Der Beschwerdegegner hat als Begründung für die Zulässigkeit der Übermittlung das Vorliegen von Amtshilfe ins Treffen geführt. „Amtshilfe“ setzt jedoch voraus, dass ein Ersuchen um Datenübermittlung gestellt wurde (vgl. hiezu z.B. Dohr-Pollirer-Weiss, Kommentar zum Datenschutzrecht, 2002, Anm. 13 zu § 8 DSG 2000). Da dies im vorliegenden Fall zweifellos nicht gegeben war, scheidet „Amtshilfe“ als Rechtsgrundlage der beschwerdegegenständlichen Datenübermittlung aus. Auch die Bezugnahme auf die Standardanwendung „SA029 Aktenverwaltung (Büroautomation)“ betreffend Datenverarbeitung zwecks Durchführung der Kanzleigeschäfte kann nicht als Rechtsgrundlage herangezogen werden, da der dort genannte Empfängerkreis „Personen und Einrichtungen, die im Rahmen der Geschäftstätigkeit zu befassen sind“ voraussetzt, dass die Befassung in gesetzeskonformer Weise festgelegt wurde.
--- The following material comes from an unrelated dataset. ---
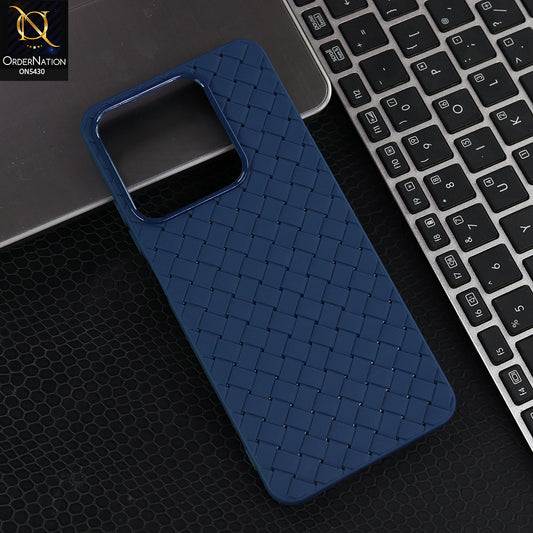 Realme C61 - Blue - New Woven Design Leather Feel Soft TPU Case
bb) Zu prüfen ist daher, ob andere Rechtsvorschriften die Übermittlung der Ergebnisse der Hausdurchsuchung an die Dienstbehörde zu rechtfertigen vermögen:

Dem Beschwerdegegner war es offenbar nicht möglich, andere Rechtsgrundlagen für die Übermittlung der in Rede stehenden Daten an die Dienstbehörde ins Treffen zu führen als Amtshilfe oder die Standardanwendung SA029, die jedoch, wie dargelegt, beide im vorliegenden Fall nicht als taugliche Rechtsgrundlage anerkannt werden können. Der Datenschutzkommission sind ebenfalls keine anderen Rechtsvorschriften erkennbar, die die Rechtmäßigkeit der gegenständlichen Übermittlung bewirken könnten – auch § 8 Abs. 4 Z 2 DSG 2000 kommt schon deshalb nicht in Betracht, weil die Übermittlung der Daten ihrem Inhalt nach keine wesentliche Voraussetzung für die hier relevante Aufgabenbesorgung darstellte.

Die Weiterleitung der von der Beschwerde umfassten Daten an die Dienstbehörde war daher im vorliegenden Fall unzulässig, weshalb wie im Spruch zu entscheiden war.

Mit Beschluss vom 28. November 2006, Zl. 2006/06/0207, 0208-5, hat der VwGH die von der Bundesministerin für Inneres gegen diesen Bescheid erhobene Beschwerde mangels Berechtigung zu ihrer Erhebung zurückgewiesen .

Inhaltlich verweist der VwGH in diesem Beschluss gemäß § 43 Abs. 2 und 8 VwGG lediglich auf die Entscheidungsgründe des Beschlusses vom selben Tag, Zl. 2006/06/0068 (siehe die Auszüge aus diesem Beschluss beim Bescheid der Datenschutzkommission vom 17. November 2006, GZ: K121.052/0002-DSK/2006, RIS).